#### [EXERCISE BRIEF]
Read through the records. Copy each line that has the word "used".

#### [PROVIDED RECORDS]
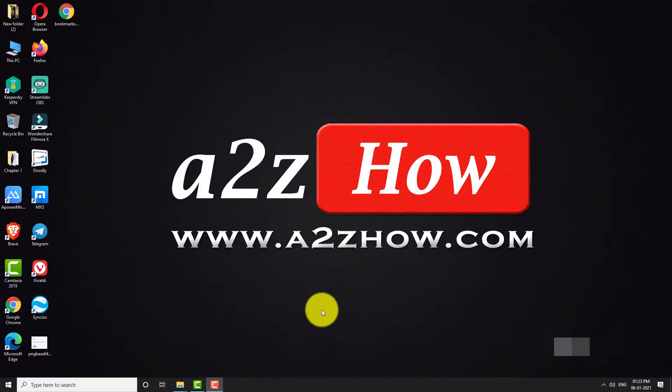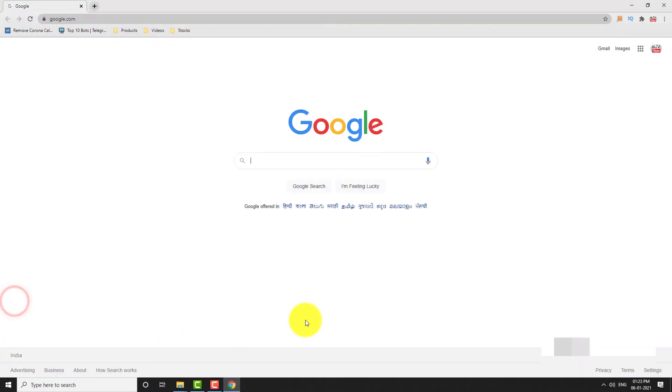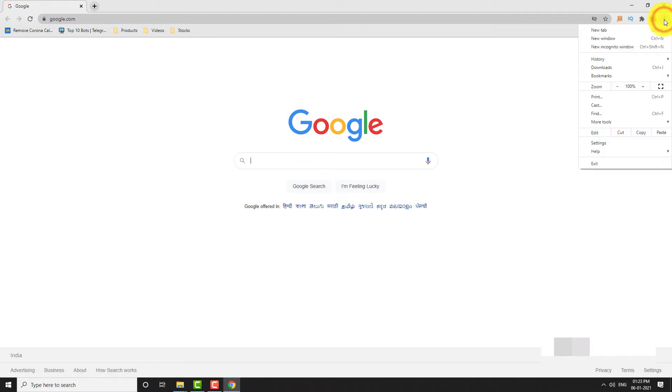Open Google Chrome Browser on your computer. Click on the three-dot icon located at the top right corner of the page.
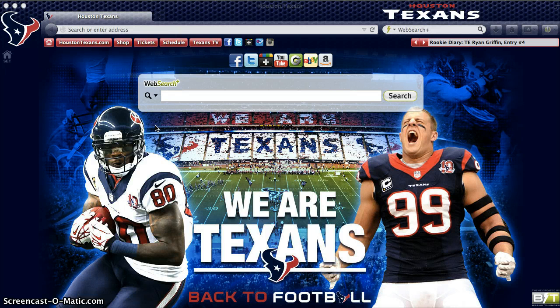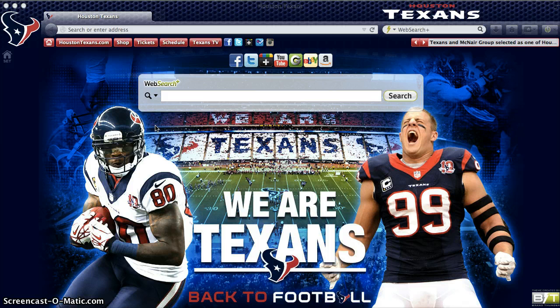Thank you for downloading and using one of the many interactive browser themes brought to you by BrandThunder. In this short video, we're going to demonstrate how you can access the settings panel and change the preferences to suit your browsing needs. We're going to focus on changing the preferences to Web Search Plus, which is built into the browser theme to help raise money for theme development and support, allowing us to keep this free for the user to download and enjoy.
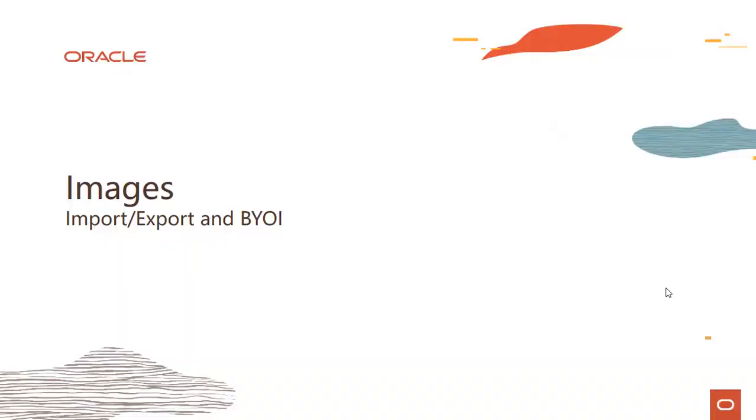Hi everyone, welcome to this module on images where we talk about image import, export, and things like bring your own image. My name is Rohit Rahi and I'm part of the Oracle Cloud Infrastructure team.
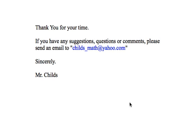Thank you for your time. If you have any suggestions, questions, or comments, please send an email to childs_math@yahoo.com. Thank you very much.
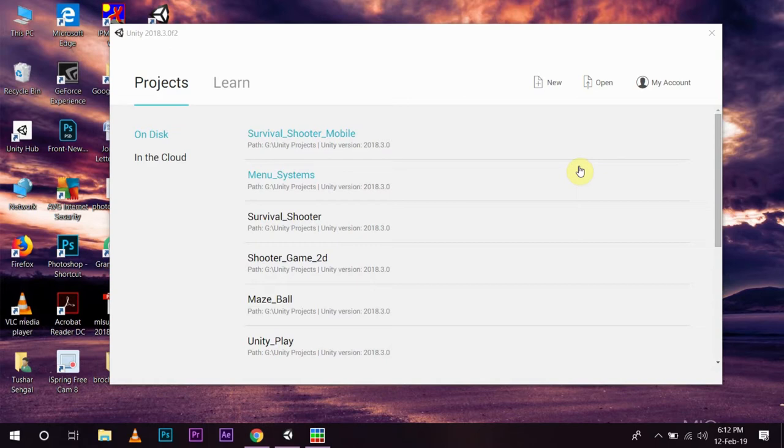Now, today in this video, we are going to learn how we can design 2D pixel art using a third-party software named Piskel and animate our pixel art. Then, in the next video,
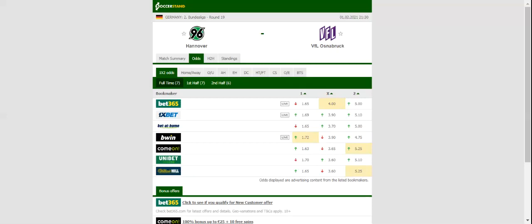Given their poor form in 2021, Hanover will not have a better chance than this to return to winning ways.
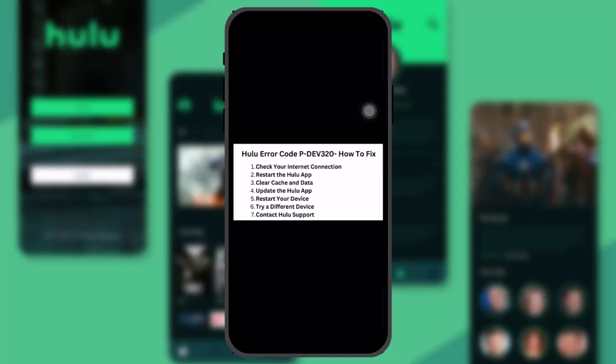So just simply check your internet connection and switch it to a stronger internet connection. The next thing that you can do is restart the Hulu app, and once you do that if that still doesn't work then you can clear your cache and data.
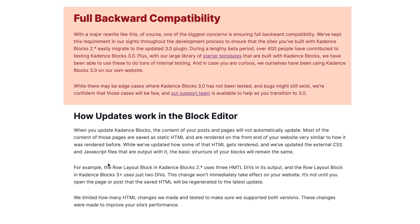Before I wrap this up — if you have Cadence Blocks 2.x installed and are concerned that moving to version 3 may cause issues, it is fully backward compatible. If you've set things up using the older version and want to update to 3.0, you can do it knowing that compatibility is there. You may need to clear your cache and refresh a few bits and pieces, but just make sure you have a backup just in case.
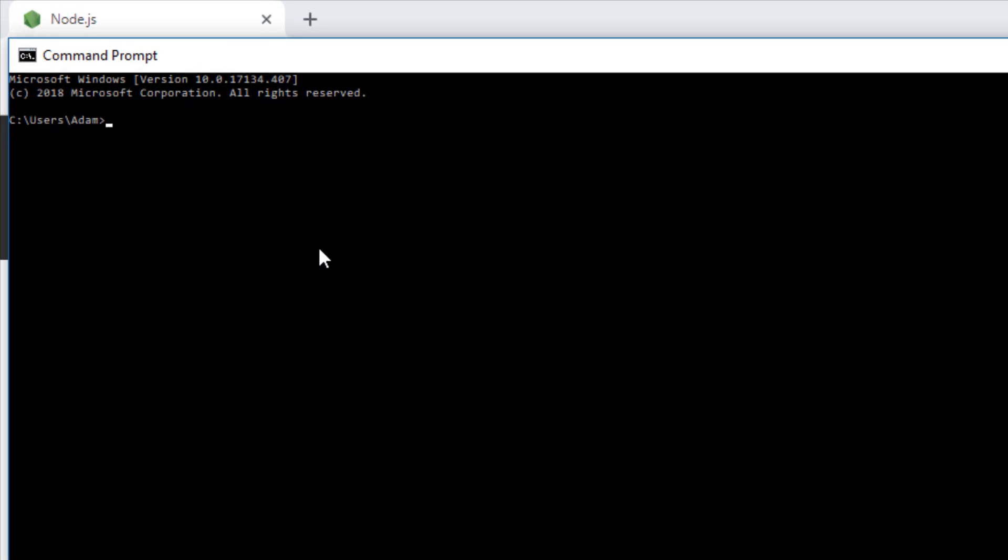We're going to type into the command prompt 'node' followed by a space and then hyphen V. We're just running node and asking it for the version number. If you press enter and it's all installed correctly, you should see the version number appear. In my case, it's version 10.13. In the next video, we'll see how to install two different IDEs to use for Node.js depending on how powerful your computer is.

--

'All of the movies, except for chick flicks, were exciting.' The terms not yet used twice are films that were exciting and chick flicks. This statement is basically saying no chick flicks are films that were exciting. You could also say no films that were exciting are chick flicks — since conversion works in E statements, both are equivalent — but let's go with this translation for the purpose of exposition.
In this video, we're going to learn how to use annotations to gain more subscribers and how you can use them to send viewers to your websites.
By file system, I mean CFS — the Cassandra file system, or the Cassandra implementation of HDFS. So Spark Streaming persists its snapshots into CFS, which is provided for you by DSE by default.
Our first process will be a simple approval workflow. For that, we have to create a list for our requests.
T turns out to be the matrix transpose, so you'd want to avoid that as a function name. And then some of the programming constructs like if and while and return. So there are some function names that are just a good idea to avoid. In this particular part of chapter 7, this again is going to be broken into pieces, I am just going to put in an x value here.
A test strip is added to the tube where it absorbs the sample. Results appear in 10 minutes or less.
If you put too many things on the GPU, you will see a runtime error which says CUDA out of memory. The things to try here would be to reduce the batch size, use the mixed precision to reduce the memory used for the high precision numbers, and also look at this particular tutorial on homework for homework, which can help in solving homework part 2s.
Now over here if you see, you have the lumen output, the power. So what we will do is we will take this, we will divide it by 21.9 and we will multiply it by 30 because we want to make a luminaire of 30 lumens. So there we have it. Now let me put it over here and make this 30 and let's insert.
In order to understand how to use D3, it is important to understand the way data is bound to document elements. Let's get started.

#### [REPLY]
'All of the movies, except for chick flicks, were exciting.' The terms not yet used twice are films that were exciting and chick flicks. This statement is basically saying no chick flicks are films that were exciting. You could also say no films that were exciting are chick flicks — since conversion works in E statements, both are equivalent — but let's go with this translation for the purpose of exposition.
If you put too many things on the GPU, you will see a runtime error which says CUDA out of memory. The things to try here would be to reduce the batch size, use the mixed precision to reduce the memory used for the high precision numbers, and also look at this particular tutorial on homework for homework, which can help in solving homework part 2s.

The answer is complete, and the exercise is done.